• **EXTRACTED INFORMATION**:
==============================
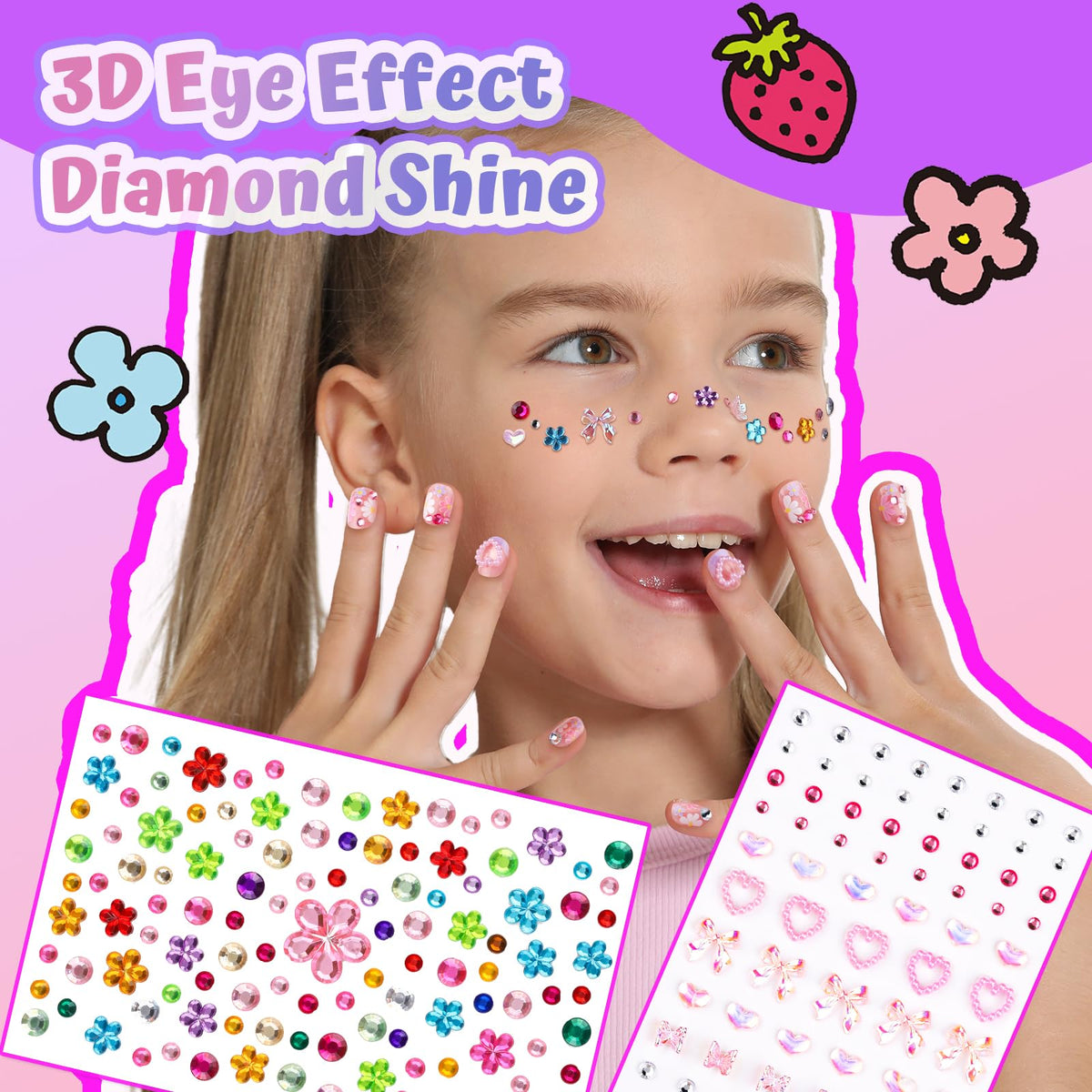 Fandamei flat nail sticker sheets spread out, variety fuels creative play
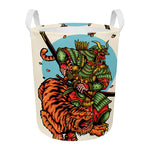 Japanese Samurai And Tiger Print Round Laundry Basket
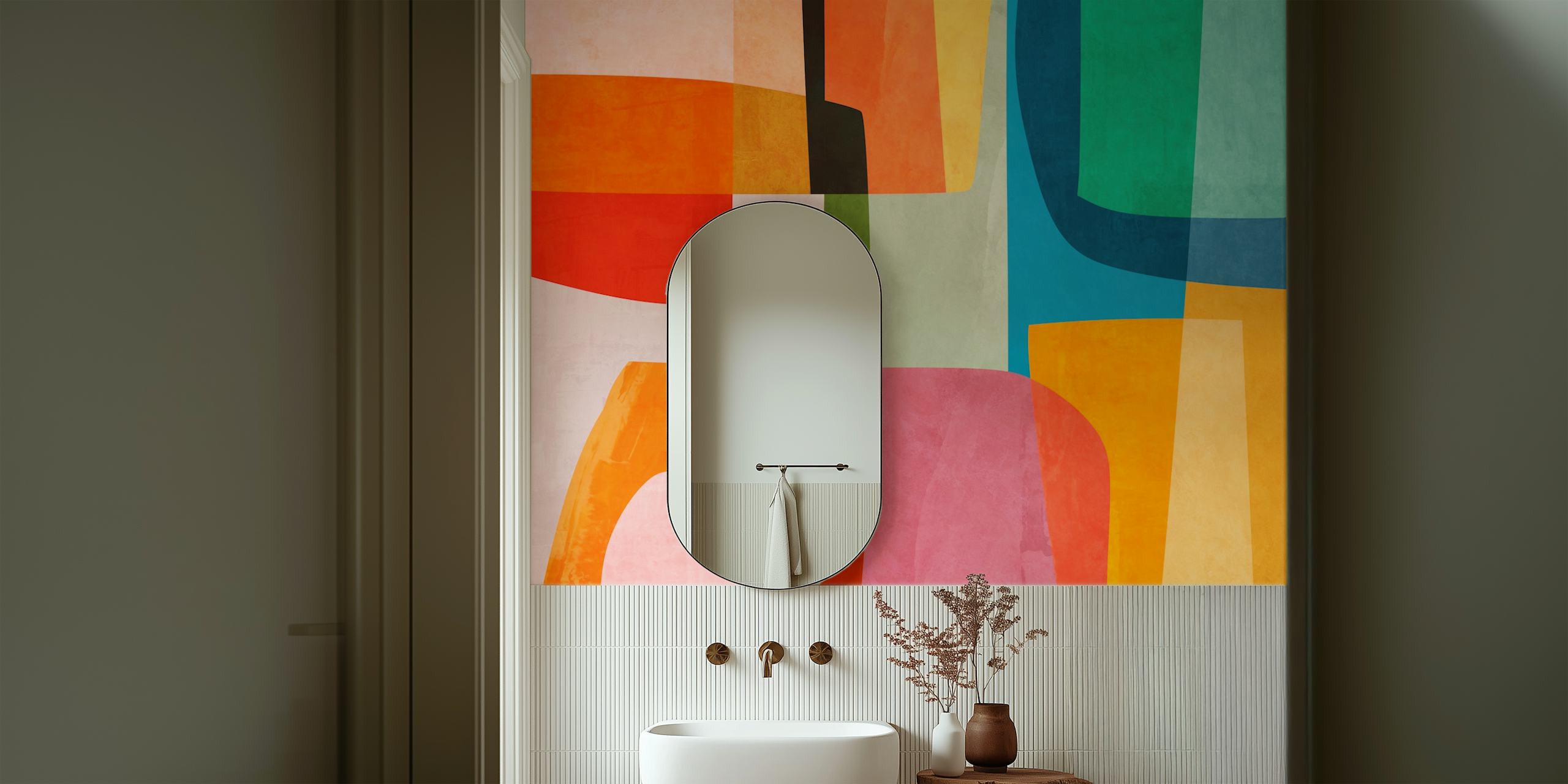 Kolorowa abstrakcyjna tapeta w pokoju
==============================
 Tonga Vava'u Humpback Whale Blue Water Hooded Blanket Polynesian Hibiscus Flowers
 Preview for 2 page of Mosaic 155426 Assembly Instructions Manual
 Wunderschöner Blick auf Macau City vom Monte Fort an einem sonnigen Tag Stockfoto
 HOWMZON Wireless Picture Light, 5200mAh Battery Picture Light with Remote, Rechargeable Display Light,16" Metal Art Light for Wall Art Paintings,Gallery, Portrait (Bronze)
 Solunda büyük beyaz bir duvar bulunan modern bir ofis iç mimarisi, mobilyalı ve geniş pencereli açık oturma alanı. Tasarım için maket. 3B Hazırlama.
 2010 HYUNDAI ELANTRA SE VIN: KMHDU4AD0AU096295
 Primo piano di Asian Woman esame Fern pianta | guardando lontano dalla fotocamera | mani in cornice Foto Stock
==============================
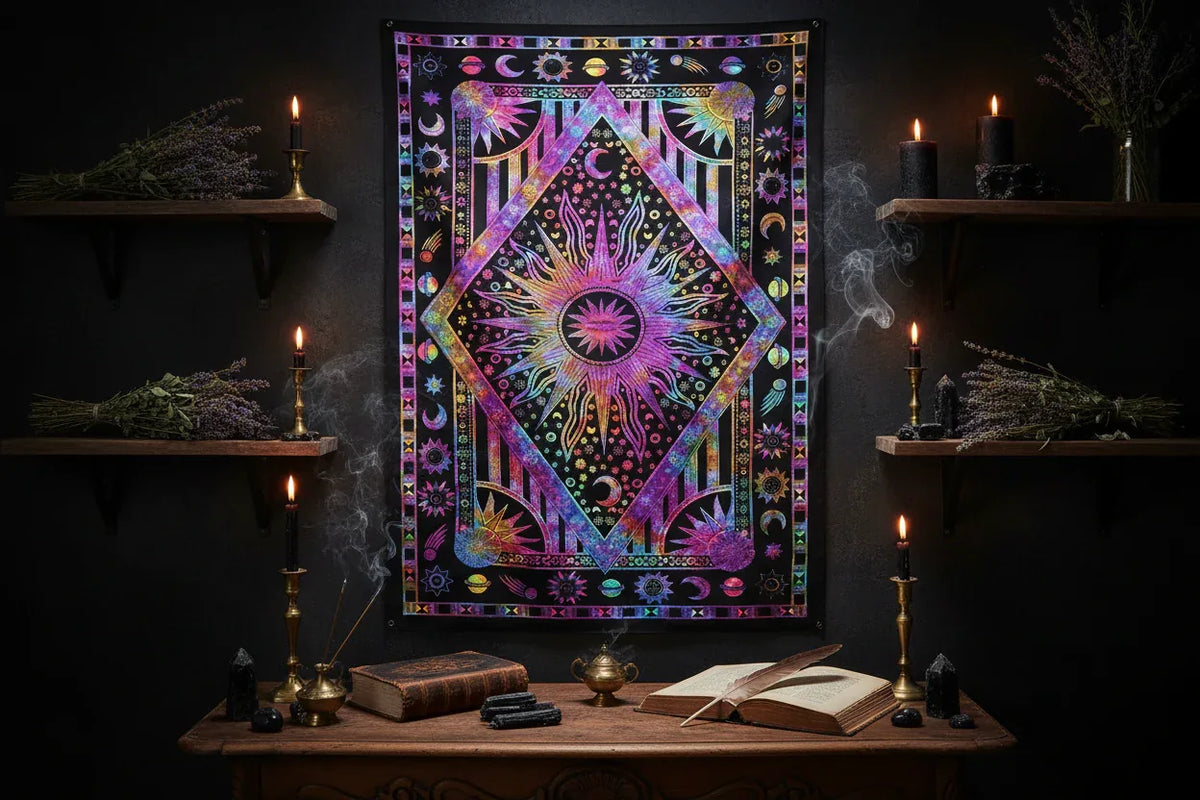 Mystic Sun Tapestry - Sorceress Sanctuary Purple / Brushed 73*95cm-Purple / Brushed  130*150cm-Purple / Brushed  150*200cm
==============================
• **TASK REQUIREMENTS**:
Everything from the line with "Tonga Vava'u Humpback" through the line with "Wunderschöner Blick auf" should be written out exactly as it appears above, end lines included, and nothing outside that range.

• **RESULT OF THIS EXERCISE**:
 Tonga Vava'u Humpback Whale Blue Water Hooded Blanket Polynesian Hibiscus Flowers
 Preview for 2 page of Mosaic 155426 Assembly Instructions Manual
 Wunderschöner Blick auf Macau City vom Monte Fort an einem sonnigen Tag Stockfoto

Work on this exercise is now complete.